As the new log monitoring system moves to general availability, Zoller said he hopes Sumo Logic develops tools that let engineers assess whether a query is worth the cost to run ahead of time. Sumo Logic reps said this feature will be included when the product becomes generally available later this year.
HAProxy 2.0 simplifies log monitoring, sharpens visibility
DoubleVerify, an ad verification service provider headquartered in New York, began replacing hardware load balancers from F5 Networks with software-based HAProxy systems three years ago in an effort to reduce equipment costs. It took considerable effort to get software-defined infrastructure to replicate hardware-level functionality for the company's billions of web requests per day.
"We were replacing dedicated network devices with software-based load balancers, which had not really been done at that point, at least not at that scale," said Wally Barnes III, senior systems reliability engineer at DoubleVerify. "Most people put web servers behind HAProxy and Nginx -- replacing network devices meant I had to dive into the guts of just what HAProxy could do, what tunings we could do, all the way down to the headers."
Moving HAProxy's load balancers into production also meant understanding how to take advantage of a newly elastically scalable pool of systems instead of a fixed set of physical devices.
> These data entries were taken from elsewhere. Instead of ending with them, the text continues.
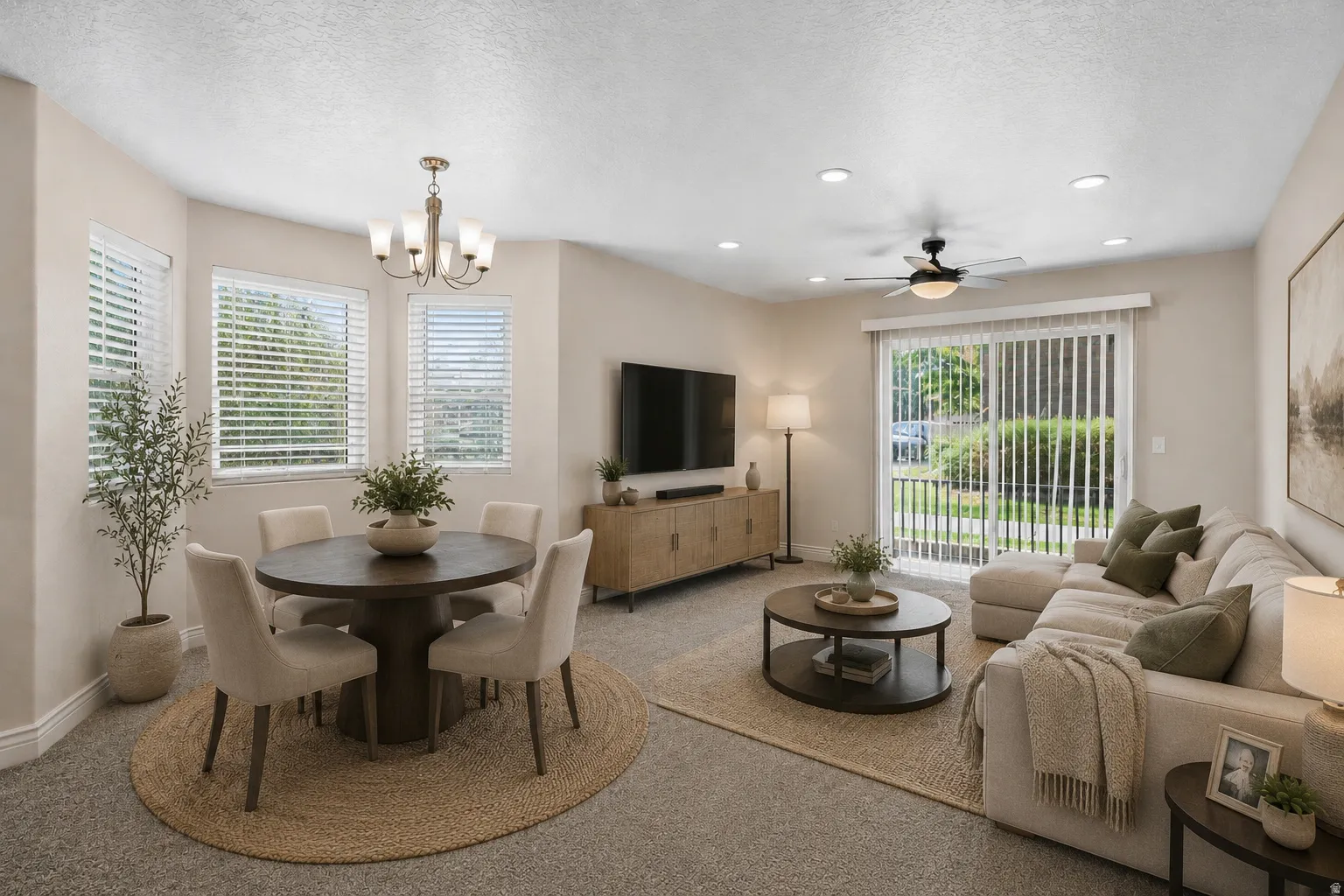 Open-concept living and dining area featuring plush carpeting, recessed lighting, and a sliding glass door providing outdoor access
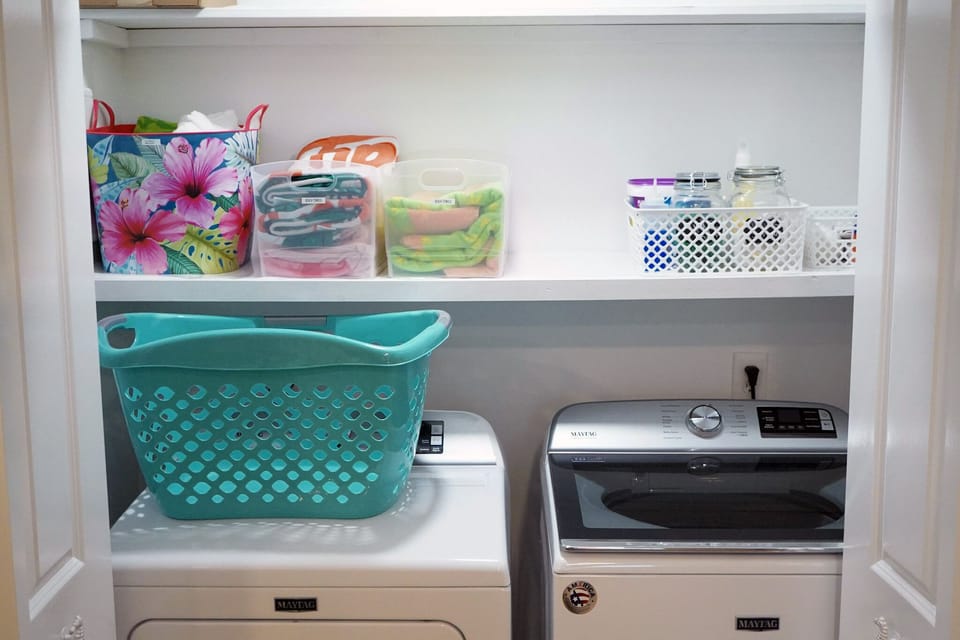 Beach towels and laundry soap starter provided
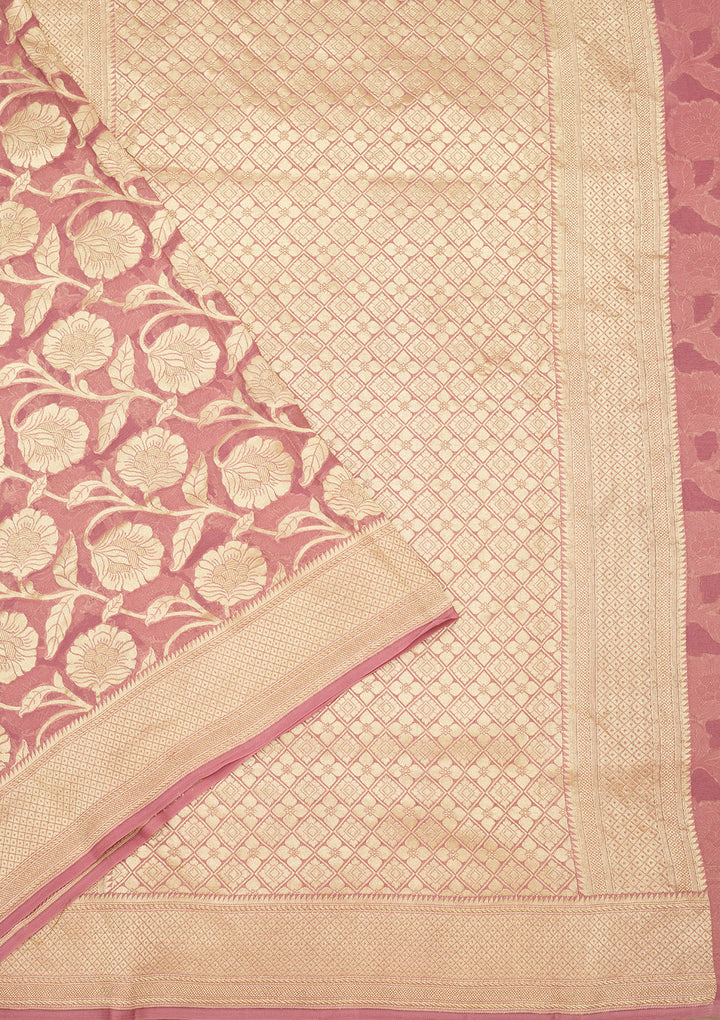 Baby Pink Georgette Jaal Gold Zariwork Saree With Matching Blouse Piece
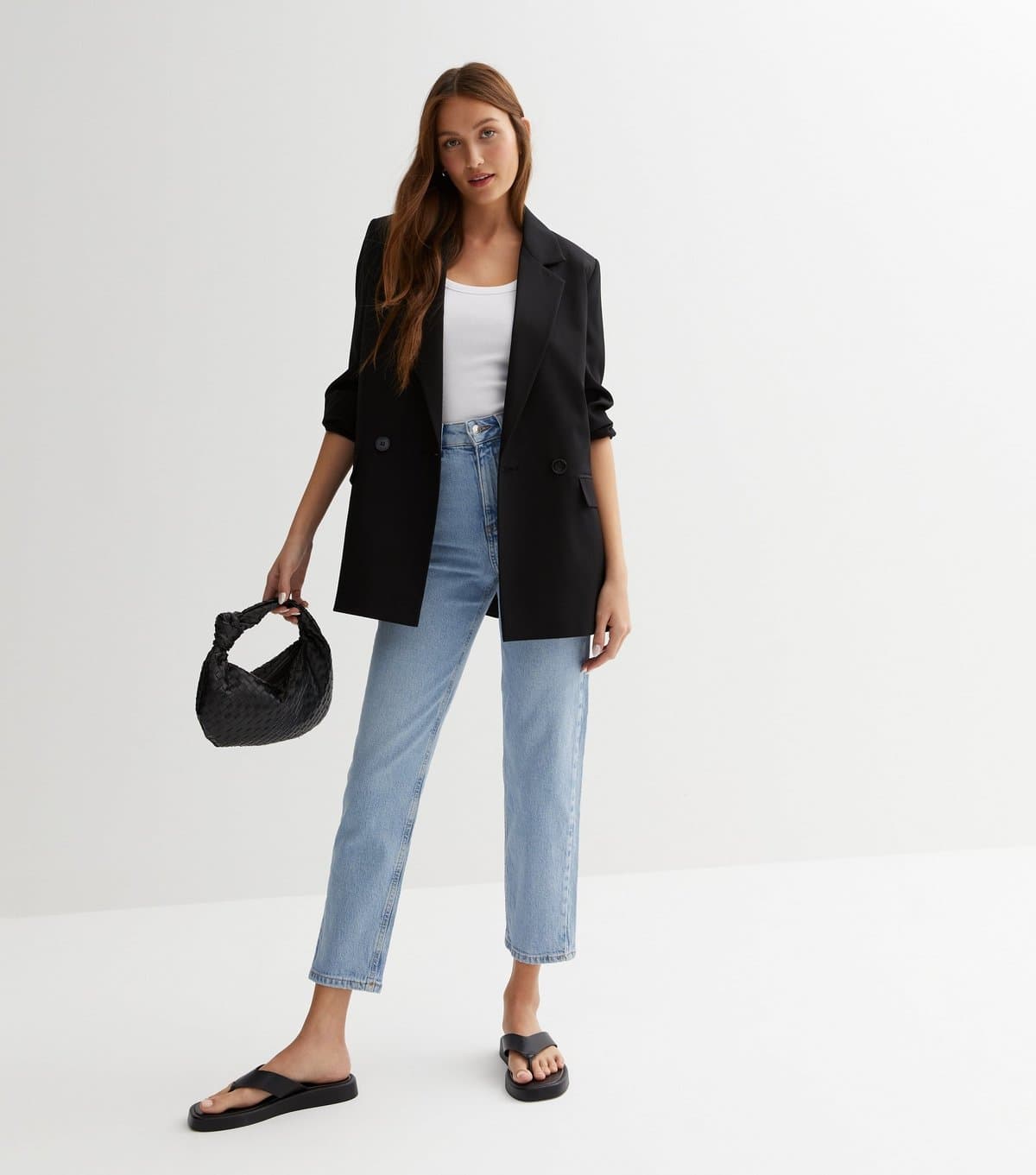 New Look Women's Blue Waist Enhance Tori Mom Jeans New Look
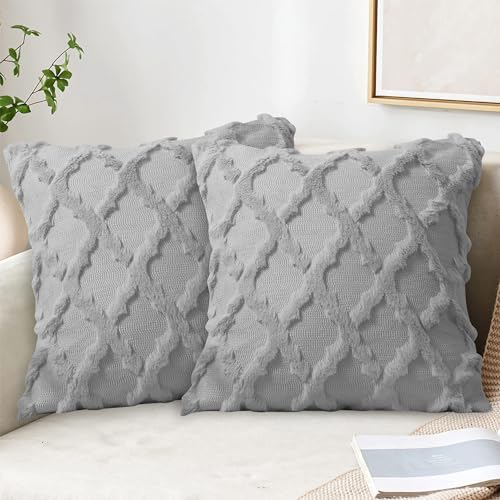 Ghope 2er Set Wolle Kissenbezüge Samt Fellkissen Sofakissen Weich Couchkissen Zierkissenbezug mit Verstecktem Reißverschluss Kissenhülle für Sofa Schlafzimmer Wohnzimmer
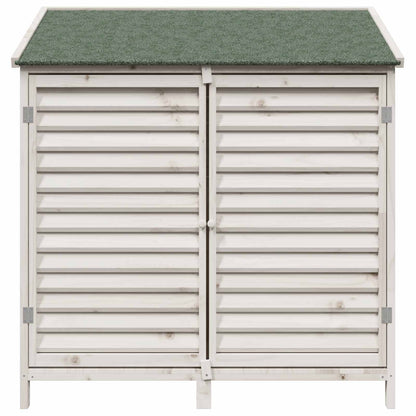 Garden Shed White 106 x 56 x 113.5 cm Solid Fir Wood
All of that often meant consulting vast amounts of log monitoring data generated by the HAProxy system.
"This is billions of requests daily -- how do we deal with all this logging data?" Barnes said. "This was something we had to solve, and we found out real quick that we couldn't turn full logging on for every one of those systems. There was no place to put it."
An early attempt to collect log monitoring data at just one of four data centers in New York hit data transfer limits on the company's Splunk log analytics system in just 15 minutes, Barnes recalled.
The company took its own steps to send partial log data from a portion of its HAProxy instances to Splunk with a combination of syslog data collection and a RabbitMQ pub/sub transfer system. But HAProxy 2.0, released in July 2019, includes native log sampling features that eased the company's log management burden and improved its visibility into the software-based load balancer pool over its homegrown approach. DoubleVerify has just finished its initial proof of concept testing for the new version.
"Now I can turn up the logging to 'full' and get request-level information from every system, just not as much of it," Barnes said. "That gives me a more holistic view of what's going on and gives developers more insight into systems."
The company's past piecemeal approach sometimes missed events that didn't hit the servers it collected data from within the pool. With HAProxy 2.0, Barnes expects to eliminate such blind spots.
"The results we could see were pretty indicative of what was going on, but we couldn't see every request," he said. "Sometimes there's a burst of traffic to one system, and this allows us to pick up on that."